スズキはいっこうに釣れなかった。来る日も来る日もボウズだった。そしてそのころ、駆け出しのルアーマンの多くが陥る、お決まりの不信感に取りつかれていた。そもそもルアーで魚が釣れるということが信じられなかった。こんなものに魚がどうやって食いつくのか? こんな大きな針が魚の口に入るのか? 投げ釣り時代の経験を振り返ったり、水槽のグッピーが餌を食うのを観察してみても、魚がルアーに食いつくのをまるで想像できなかった。フィッシュイーターがルアーを小魚と思って襲い掛かるときは、どのような行動に出るのだろうか? そっと近づいて匂いを嗅ぎ、これは餌ではないと気付いてそっぽを向くのだろうか? それとも猛然と突進してきて、いきなりパクリと飲み込むのだろうか? うんともすんとも、当たりさえないというのは、もしかしてこの海域にはスズキがいないからなのではないか?
アンバサダー5500Cに誓って、もう餌釣りはしないと心に決めていた。それは開高健の教えだった。彼は著書『フィッシュ・オン』の中でこう言った。「自然の分泌物に自然がとびつくのはあたりまえである。ただのことである。いくら釣師が仕掛けや合せの呼吸に心魂をそそいだところで餌という決定的な一点では石器時代である。知恵もなく、工夫もなく、また、あまりに容易である。そもそも芸術とは反自然行為ではなかったか。釣りを芸術と感じたいのなら自然主義を断固としてしりぞけなければならない。釣りを生業とする漁師なら話は別だが、遊びで釣りをする“芸術家”なら、もっと次元の高い、むつかしい道に愉しみを発見しなければならない、少なくとも魚と知恵くらべ、だましあいをして勝敗を競うようでないといけないのではあるまいか。(新潮文庫『フィッシュ・オン』P84より)」
おそらくあの時代の多くのアングラーが大いに影響を受けたであろう開高健のこの言葉は、ルアーマンの排他的な宗派性と餌釣りに対する敵愾心の発端となった。しかし、それだけではなかった。私たちはたびたび、釣り場で多数を占める餌釣り師から、少数派ゆえの理不尽な迫害を受けてきたのだ。ルアーをキャストしていると、初めてルアーを見るクロダイ師から、「そんなことをやるんなら、よそでやれ」と、ひとつまみの餌を投げつけられたものだった。どんなに頭にきても、黙ってその場を去るしかなかった。「これはルアーと言ってね、これでスズキが釣れるんだよ」などと説明するのも面倒だった。なにより私自身がそう信じることに揺らいでいた。

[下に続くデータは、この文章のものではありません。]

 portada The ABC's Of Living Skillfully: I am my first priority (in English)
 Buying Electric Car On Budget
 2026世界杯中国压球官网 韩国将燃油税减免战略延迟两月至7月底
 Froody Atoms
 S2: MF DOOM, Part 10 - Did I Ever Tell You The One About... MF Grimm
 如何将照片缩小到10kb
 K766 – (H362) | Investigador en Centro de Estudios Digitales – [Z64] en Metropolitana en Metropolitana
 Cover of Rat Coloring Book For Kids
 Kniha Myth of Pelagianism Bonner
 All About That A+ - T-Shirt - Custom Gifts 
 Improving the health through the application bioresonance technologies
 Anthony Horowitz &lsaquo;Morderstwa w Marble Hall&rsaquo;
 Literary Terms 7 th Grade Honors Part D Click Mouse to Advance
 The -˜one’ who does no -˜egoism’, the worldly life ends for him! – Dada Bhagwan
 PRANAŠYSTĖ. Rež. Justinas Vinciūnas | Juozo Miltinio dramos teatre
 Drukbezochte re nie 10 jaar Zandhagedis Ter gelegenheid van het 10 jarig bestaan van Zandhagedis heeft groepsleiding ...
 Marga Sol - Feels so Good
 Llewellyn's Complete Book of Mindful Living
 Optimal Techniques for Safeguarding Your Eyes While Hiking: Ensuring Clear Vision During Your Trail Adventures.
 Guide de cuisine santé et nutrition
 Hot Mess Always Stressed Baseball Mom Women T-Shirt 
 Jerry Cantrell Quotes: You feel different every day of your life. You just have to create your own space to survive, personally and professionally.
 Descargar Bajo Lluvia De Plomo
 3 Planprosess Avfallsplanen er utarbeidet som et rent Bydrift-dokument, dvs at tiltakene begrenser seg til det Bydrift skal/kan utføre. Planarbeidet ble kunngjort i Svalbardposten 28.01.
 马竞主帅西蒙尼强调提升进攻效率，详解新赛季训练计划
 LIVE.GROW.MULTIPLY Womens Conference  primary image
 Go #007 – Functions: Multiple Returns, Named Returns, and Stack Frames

その反感は、私たちルアーマンを、反餌釣りで凝り固まらせた。釣り場にはゴカイの空容器や粉餌の袋が散乱していた。「餌釣りのやつらはこれだから嫌いなんだ。ルアーマンならこんなことは絶対にしない」。今ではすっかり怪しくなったルアーマンのマナーのよさも、当時は餌釣りと一線を画すために自らを律した結果だった。少数派であるがゆえの選民意識のようなものが、私たちの中に育っていった。
だからというべきか、私はルアーで釣ることに意地になっていた。それに、いったんスズキを狙い始めたら、今さらカレイやアイナメのような小物釣りに戻ることはできそうもなかった。ルアーでのスズキを諦めるくらいなら、いっそのこと釣りそのものをやめる。そんな覚悟を決めていた。
大学生になった。まだ1匹のスズキも釣っていなかった。私が海のルアー・フィッシングを始めたのはその地域で最も早い時期だったにもかかわらず、釣果を得るのはとことん遅れていた。そのうちに世間ではスズキのことを「シーバス」などと呼び始め、釣り雑誌でもルアーでの釣果が話題になり始めた。ラパラの代理店のツネミがシーバスダービーを開催して、雑誌に掲載された入賞者のド迫力の釣果写真に驚かされた。メーターオーバー。なんてでかさだ。でっぷりと垂れ下がった腹。こんなのが釣れるのか? 私は大いに焦った。悔しかった。そして劣等感に苛まれた。自分がスズキを釣り上げる姿を想像してみることさえできない。いまのままの延長線上にはゴールはない。自分の何かを変えなくてはならなかった。
とはいっても、大学時代はそれなりに学生生活を謳歌していた。必ずしも釣りが関心の一番ではなかった。しかし、1年留年して5年がかりで大学を卒業しようとするとき、すでに就職も決まっていて、最後にやり残したことは、やはりスズキを釣り上げることだった。そのころ、近所の釣具屋にもシーバスロッドが並び始めた。当然ながらベイトモデルなどはない。すべてスピニングロッドだった。それをくるっとひっくり返してトリガーを付けたら、ベイトロッドにならないか? 試してみる価値はあった。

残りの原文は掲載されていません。